In spite of which generalisation, a stray young bird will, now and then, linger on until September, as we have ourselves occasionally seen. In April, however, " Come she will," and her persistence has given rise in Wales to the following observation;—" It is unfortunate to hear the cuckoo before the 6th of April, but you will have prosperity for the whole of the year if you first hear it on the 28th. This we can perfectly understand without the necessity of referring the notion to superstition, for the arrival of the bird before the first period named would indicate such an unnaturally forward spring, as must presage the late frosts and cruel blights, which invariably injure premature vegetation: while the very late day given as the day of "luck" shows the proverb to have originated in a land of cloud-arresting mountains, and of damp sea-borne breezes; this inference is strengthened by another Welsh distich:—

The first week of May
Frights the cuckoo away.

An assertion which would strike with amazement the "highfarming" and "early-cropping" agriculturist of the present day. It is a somewhat curious coincidence that the earliest and latest days, noticed by the observant White of Selborne, as those of the cuckoo's arrival, were the 7th and 26th of April.

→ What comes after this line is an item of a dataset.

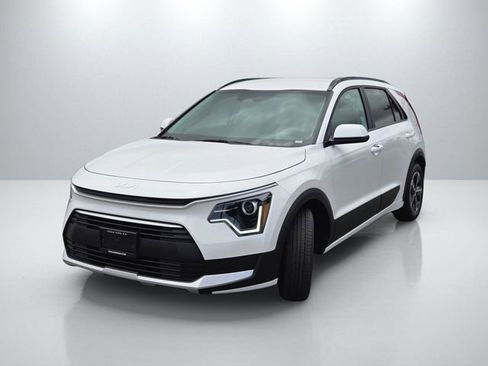 New 2026 Kia Niro LX FWD image 8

While on the subject of Cambrian sayings respecting this bird, we may mention that, partly from its very frequent occurrence in mountainous districts—partly, perhaps, from other causes—it has, in all ages, been a great favourite with the Welsh, who are very much averse to injuring it, and whose poetry and prose abound in pleasant allusions to the "Cuckoo with the cheerful note." To this circumstance we have heard ascribed the expression of Middleton,

Thy sound is like the cuckoo, the Welsh ambassador.

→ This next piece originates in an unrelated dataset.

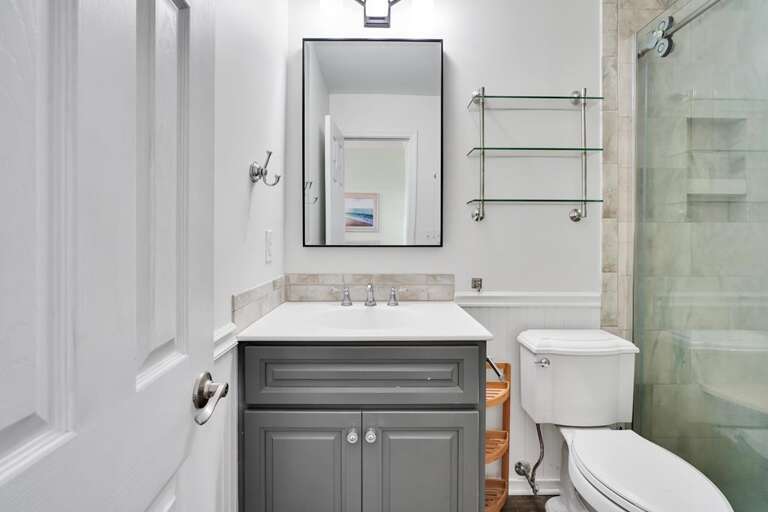 MASTER EN SUITE WITH WALK IN SHOWER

Trick to Catch the Old One, Act. iv. scene 5.

But he evidently had no such meaning. We know that Wahch signifies, far-off, strange, wild, perhaps barbarous; and, that even to this day the Italians are so designated in some parts of Germany: there can therefore be—as, if we remember rightly, was suggested by a correspondent of "Notes and Queries,"—no doubt that he thought of the bird as the strange ambassador from the far-off summerland, come to announce his heaven-sent message; to tell us that "the winter is past, the rain is over and gone,"—that the warm, bright summer days are nigh—and that the glad earth shall be once more decked with flowers. None we believe, can hear his first notes without in some measure regarding him as such an ambassador; and for our own part, though we watch for the early song of birds, though our heart leaps up with joy to welcome the first swallow which comes to us from over the sea, yet it remains for the cuckoo to call the warm glow of pleasure to our cheek. Shall we go even farther than this, and acknowledge that one of the many mysterious imaginings of childhood yet hangs around us (whence the idea arose we know not) and that now, as then, we cannot hear the voice of the cuckoo without some vague and momentary [thought of ministering angels; angels, materialised perchance by childish imagination, yet shadowed forth in all the bright and holy purity of love.

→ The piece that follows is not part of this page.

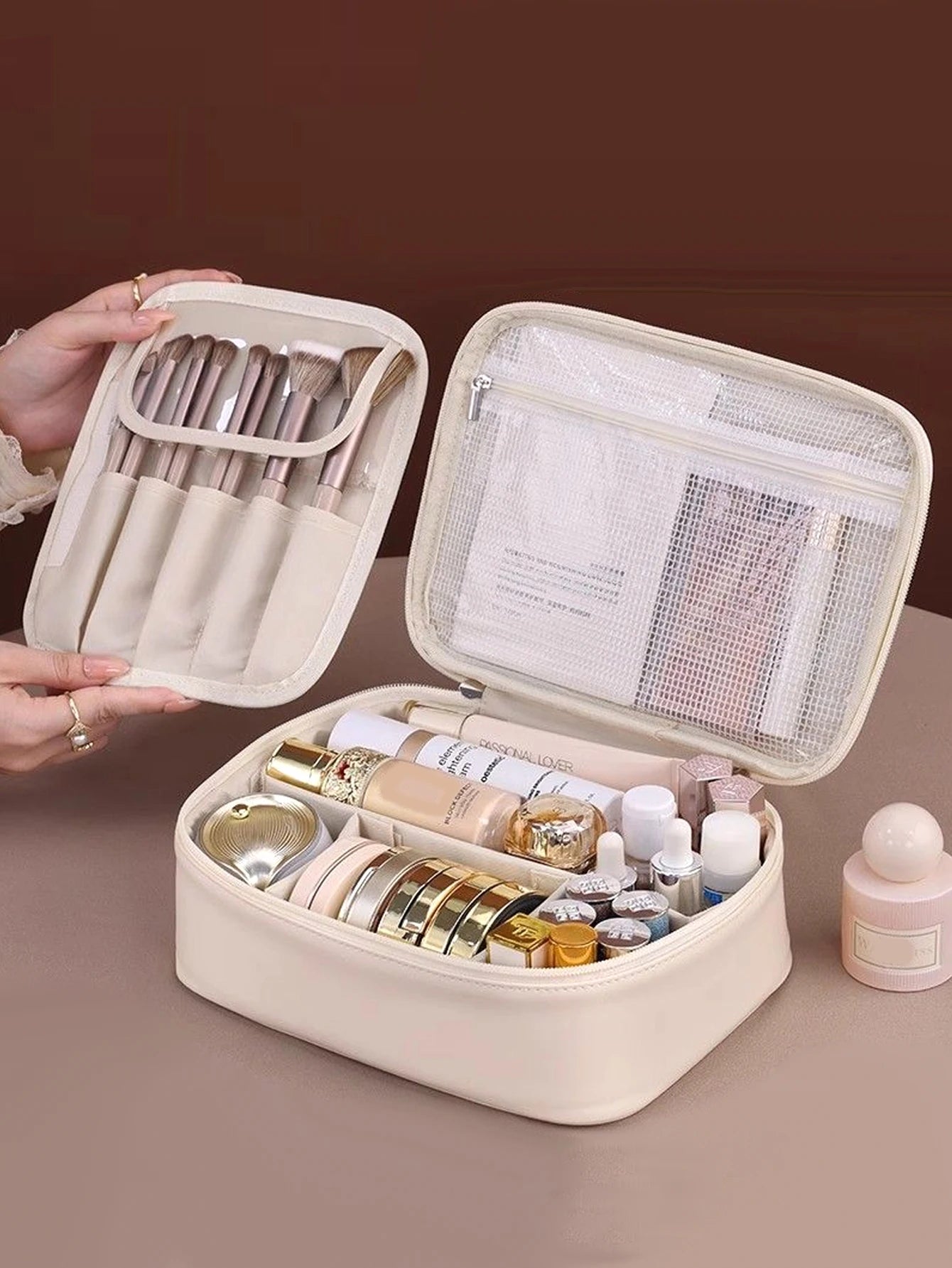 New PU leather makeup bag with large capacity, portable, and high-end outdoor feel, layered and multi-layer waterproof makeup ca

When the dark night of the middle ages, which closed in upon the light of early science and knowledge was gradually dispersing its clouds before the sun of truth,—and when men were beginning to read the book of nature without the interposition of human translators, they commenced certain speculations as to the ..destination of our migratory birds; and amongst other curious blunders, which their own sense and observation soon began to correct, we find them depositing the poor cuckoo in a decayed tree, or some such damp and ungenial place, and asserting that the summer bird lay sleeping like a dormouse all the winter long; in fact Browne, in his "Pastorals," makes him the companion of this little sleepy creature:—

For in his hollowe trunk and perish'd graine,
The cuckowe now had many a winter laine,
And thriving pismire laide their eggs in store,
The dormouse slept there and a many more.